Thursday, 9 February 2012

#dosomethingyummy - Week 2: Family

This is week 2 of the blog prompts from Nickie at I Am Typecast . Nickie has invited bloggers and readers to support the CLIC Sargent charity. Nickie is promoting CLIC Sargeant and Yummy Mummy Week which takes place from the 10th to 18th March 2012.

Nickie posts about why this is important to her and how you can get involved here.

The prompt for week 2 is 'What family means to you'.
I grew up with as a family of five. We moved to our house when I was two, and I can't remember our previous home. The home I grew up is where my parents still live, my room is still my room, albeit it is now decorated to my mum's taste, it has a bed whenever I need it- and now it also boasts two cots.

I have two brothers one older, one younger. Growing up was as good as it could have been. My parents couldn't have wanted a better life for us, and always did their best to do best by us.

In a way I have never really got to know my older brother, as children we got on, fell out, fought, made up, got on... He went away to uni when I was 15 at a time when we probably didn't get on at all, he moved abroad soon after finishing uni and seldom comes back to the UK. I would of course defend him to the end of the earth, but I couldn't really claim to know him.

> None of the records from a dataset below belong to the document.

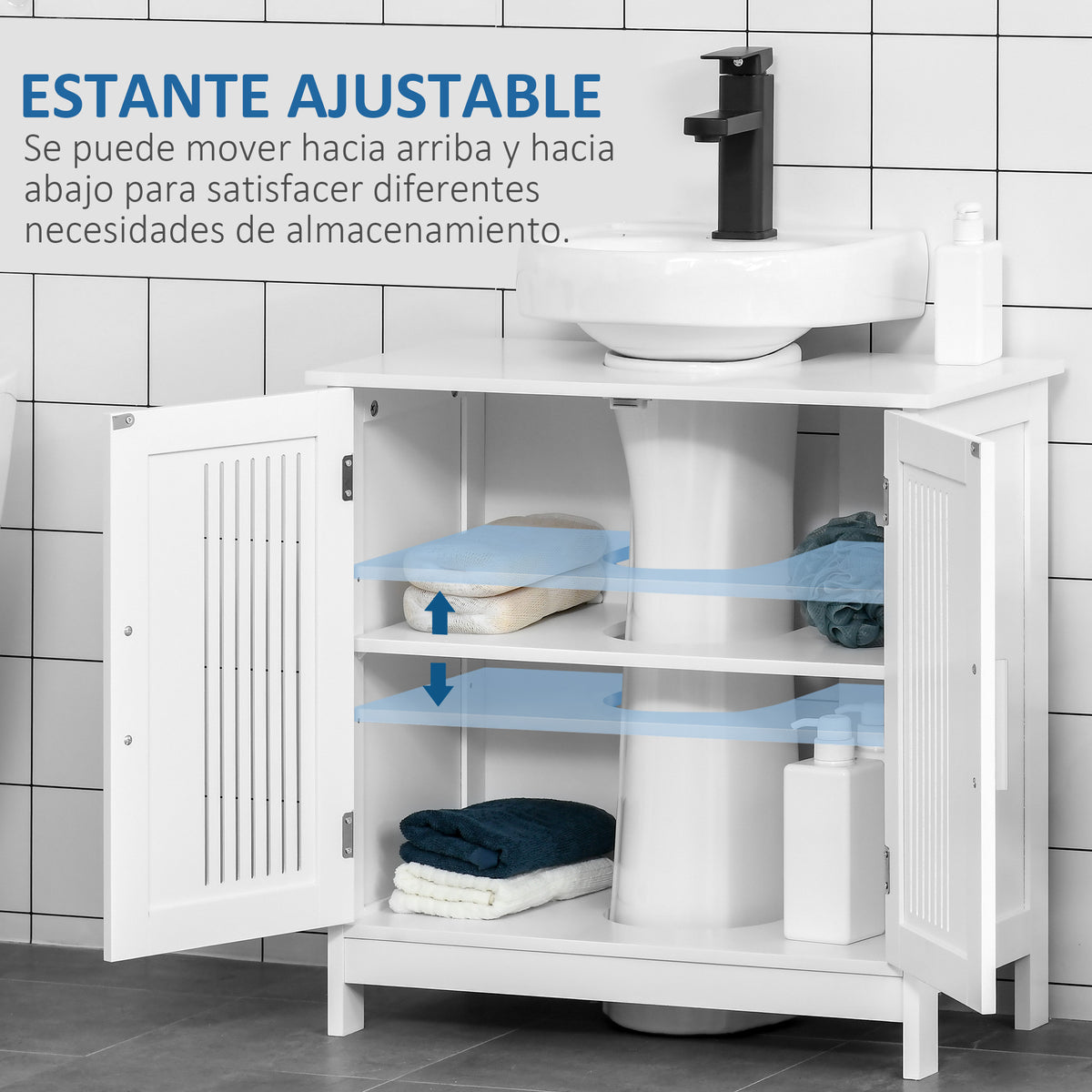 Móvel para Lavatório Armário Casa de Banho de Chão de Madeira com 2 Portas Ventiladas e Prateleira Interior Ajustável Moderno 60x30x60 cm Branco — foto 5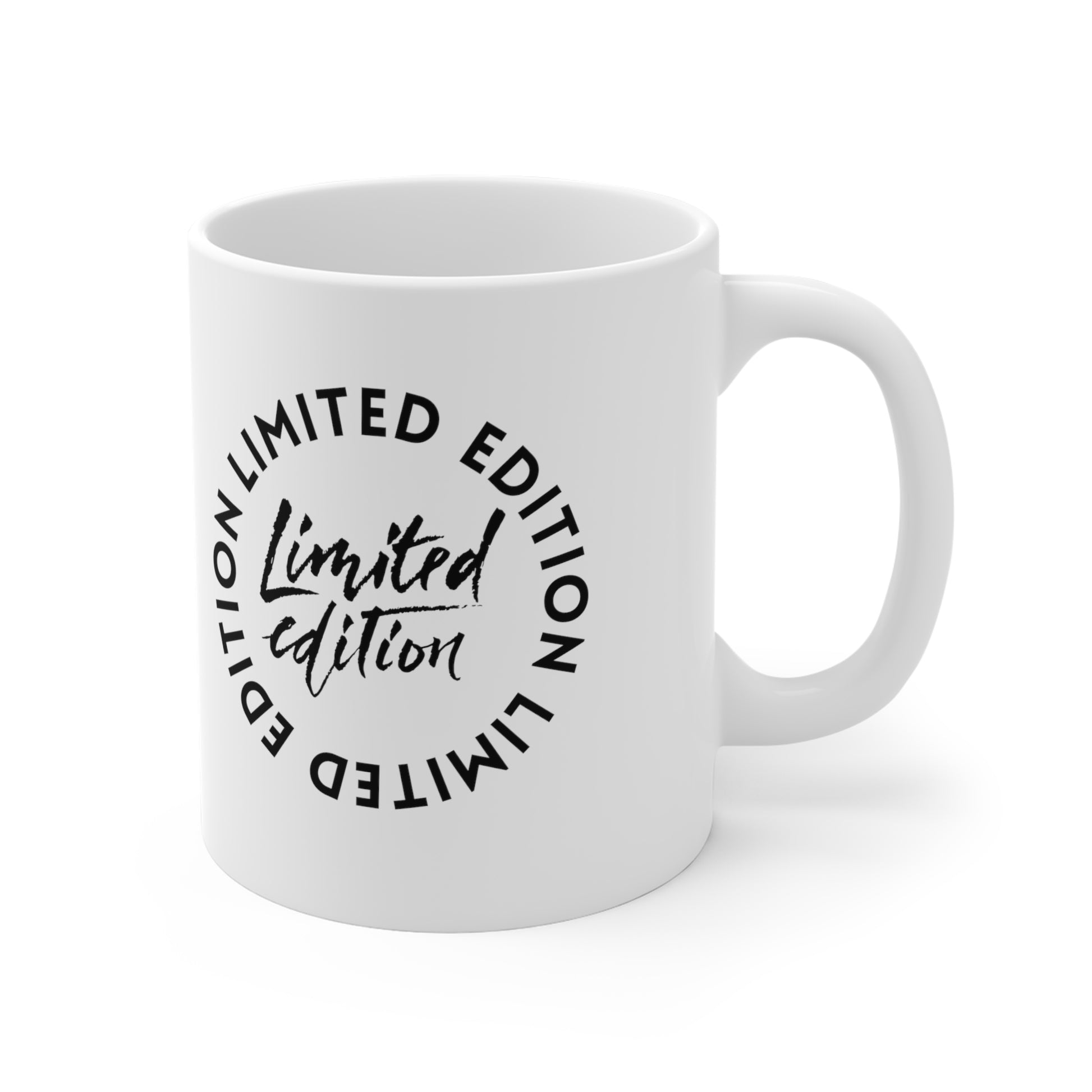 Left view of Urban Cookie Limited Edition White mug on a white background.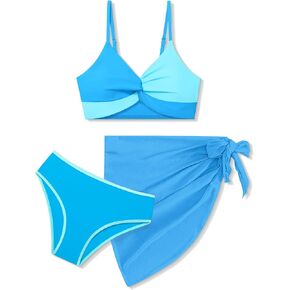 Girls Swimsuit, Girls Bathing Suits 3 Piece V-Neck Twist Cross Bikini Set with Cover Up Skirt Girls' Swimwear 7-16T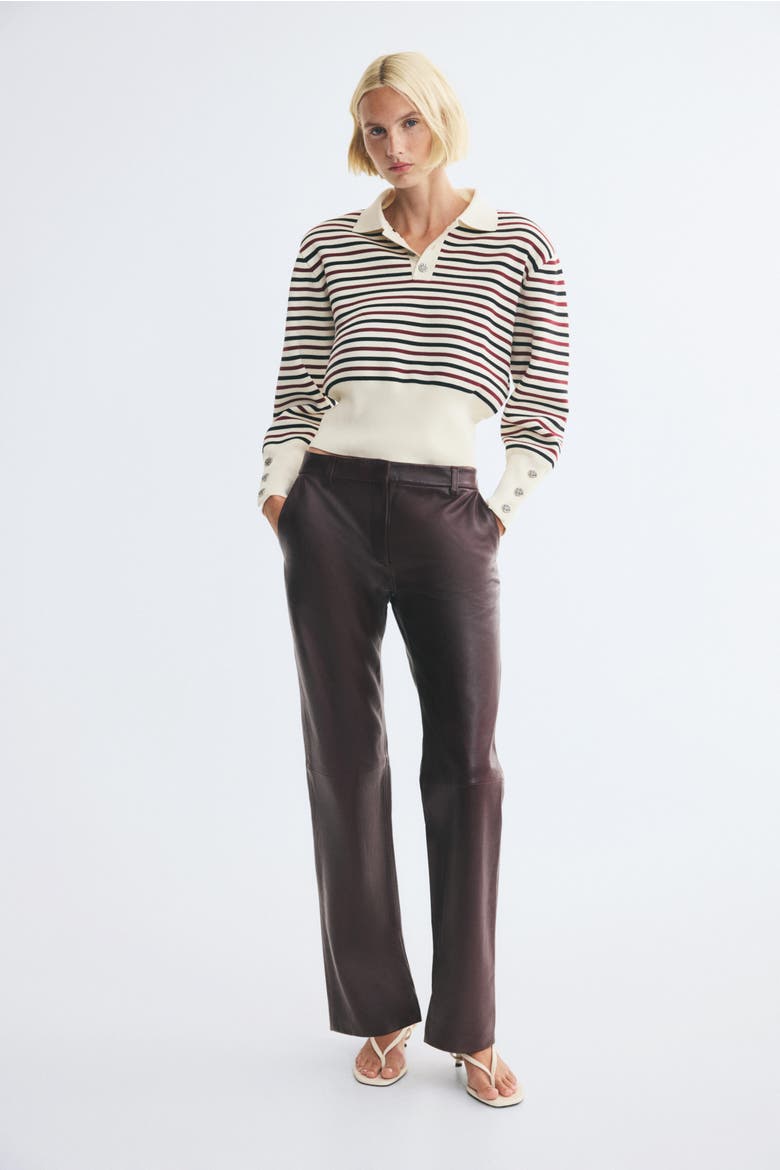 Fine-Knit Polo Shirt With Shoulder Pads, Alternate, color, Cream/striped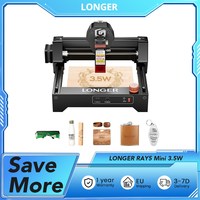LONGER RAY5 Mini 3.5W Laser Engraver, 0.04mm Precision, 12,000mm/min Speed, for Wood/ Acrylic/ Leather/ Metal, 130*140mm Area
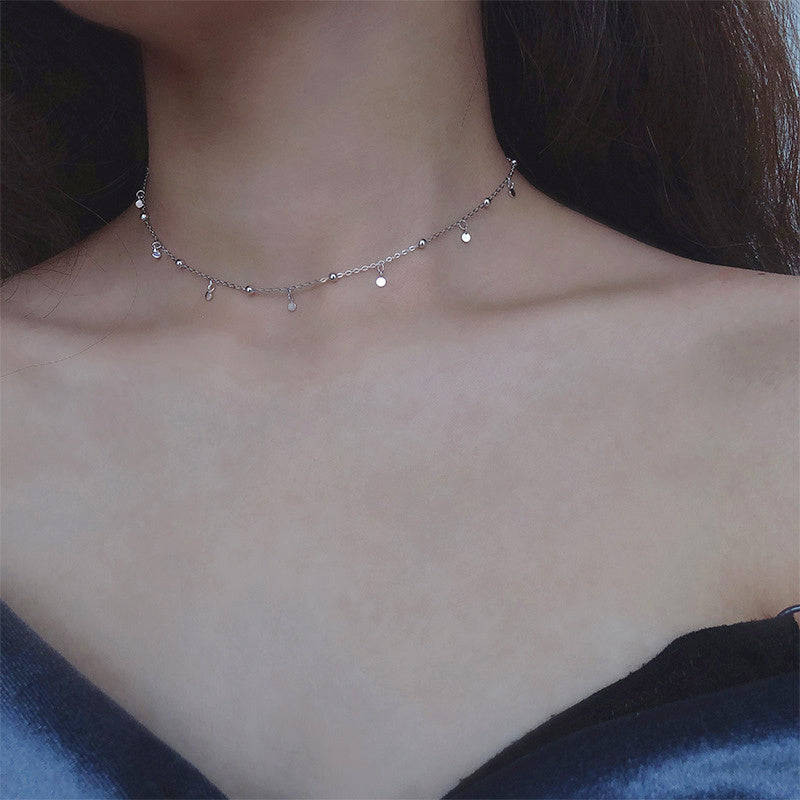 925 Sterling Silver Geometric Round Choker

I get on well with my younger brother and always have done. As children we both had the same learning difficulties, most evidently demonstrated by the language we spoke- which no-one else understood.
This is probably one of the ways in which my mum shows how much she loved us. When you are pregnant they go through all the medical histories and one question they ask is about learning difficulties.

My memory is as follows- from the age 5 to 10 I went to speech therapy, I did mirror writing, and I was in remedial (it was ok to call it that then) classes until I went to secondary school. My brother was taken out of mainstream school for a few years and went to a 'special' school - no idea what the right phrase for that is now.

When I asked my mum what had been 'wrong' with us, her response was "you didn't have learning difficulties", when pressed she replied "you didn't have learning difficulties, you were just special".
I love her for this, this is her recollection of it now.

At the time, I had to go to a speech therapist once a week, it was half hour from where we lived, my brother's school was 40 minutes away... it must have been so stressful at the time, and now... it's just one of the ways we were her children.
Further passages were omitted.